Homework 3 was due on Thursday 6th February 2014. I graded Q3,5 and the grader graded Q1,2,4. All questions are marked out of 6.

**Question 1.** I believe most people did fine on this question. The real issues were negating the statements; some people wrote the contrapositive of an implication instead of its negation... this was covered in recitation, so hopefully that matter is cleared up now.

**Question 2.** Proving that an integer $z$ being even implies that $z^3$ is even is straightforward and can be done with the definition of evenness (divisibility by 2): most people had no problems here. What caused problems what proving the converse, i.e. that $z^3$ being even implies that $z$ is even. Many people resorted to arguments about factors, the most common of which actually *assumes* the result you're trying to prove! (Namely: a lot of people said that since $z^3$ is even, $2$ appears as a factor, so must appear three times.) The best way I can think of doing this that doesn't accidentally assume any number theoretic results is to prove the contrapositive, namely $$\neg E(z) \Rightarrow \neg E(z^3)$$ But 'not even' just means 'odd'. So the problem boils down to proving that if $z=2n+1$ (for some integer $n$) then $z^3$ is odd. But $$z^3 = 8n^3+12n^2+6n+1 = 2(4n^3+6n^2+3n)+1$$ and since $4n^3+6n^2+3n \in \mathbb{Z}$, $z^3$ is odd.
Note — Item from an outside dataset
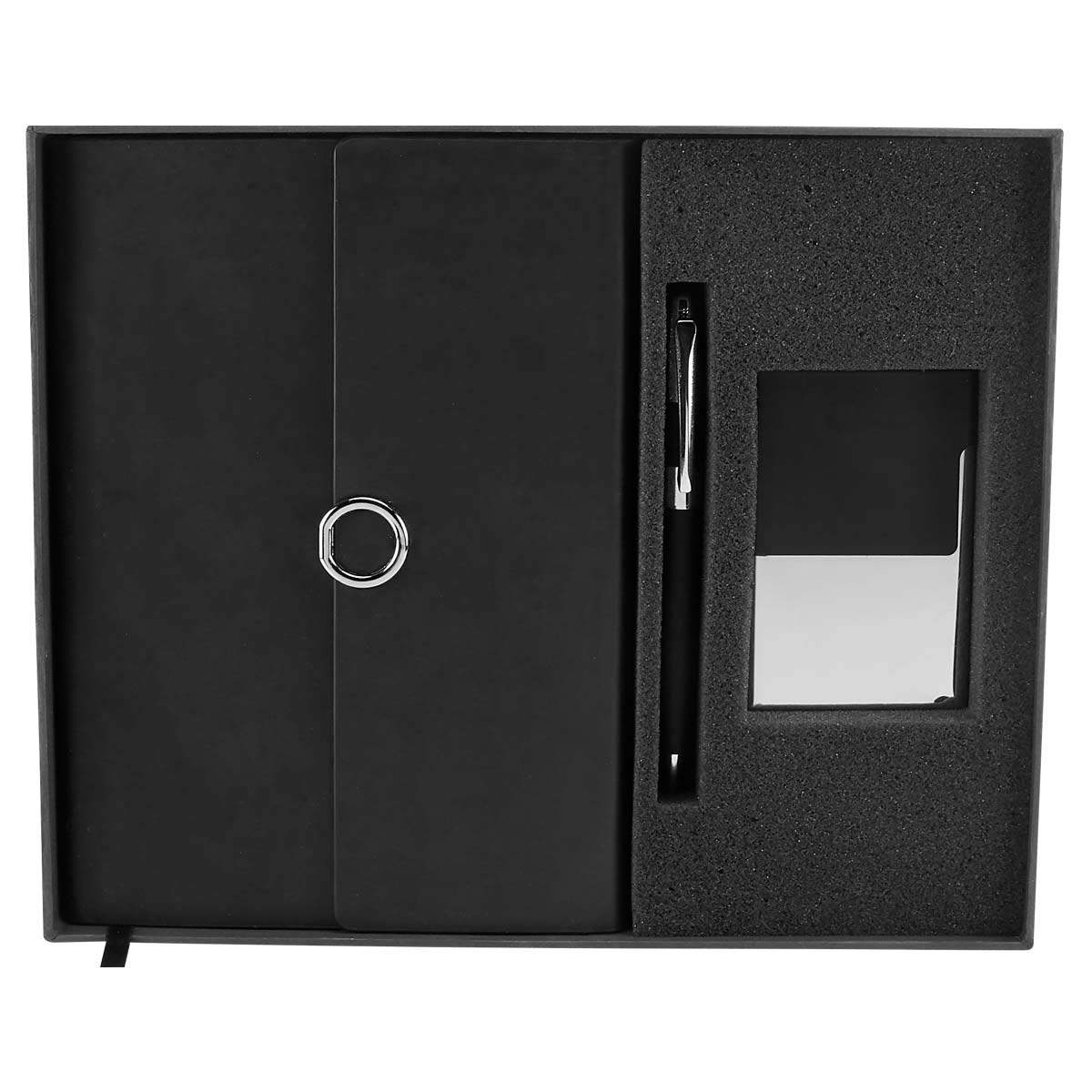 Elegante Set de Oficina Personalizado con Libreta, Bolígrafo y Tarjetero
**Question 3.** The most common error here was people forgetting that $\mathbb{Z}$ includes *negative* numbers as well as positive numbers... either that, or forgetting that negative integers can be factors of positive ones. This was common amongst people who listed all the factors of $22$. Nevertheless, there is a much easier way of doing this problem. First, notice that $$x^2=22+y^2\quad \Leftrightarrow\quad x^2-y^2=22\quad \Leftrightarrow\quad (x-y)(x+y)=22$$ Now it's possible to prove that $x-y$ and $x+y$ are either both even or they're both odd. Why? Well $x+y = (x-y)+2y$, so we're adding an even number... you proved in class that odd+even=odd and even+even=even, so these two numbers have the same parity. This means that $22$ is either odd (if $x-y$ and $x+y$ are both odd) or is divisible by $4$ (if $x-y$ and $x+y$ are both even), but neither of these facts is true.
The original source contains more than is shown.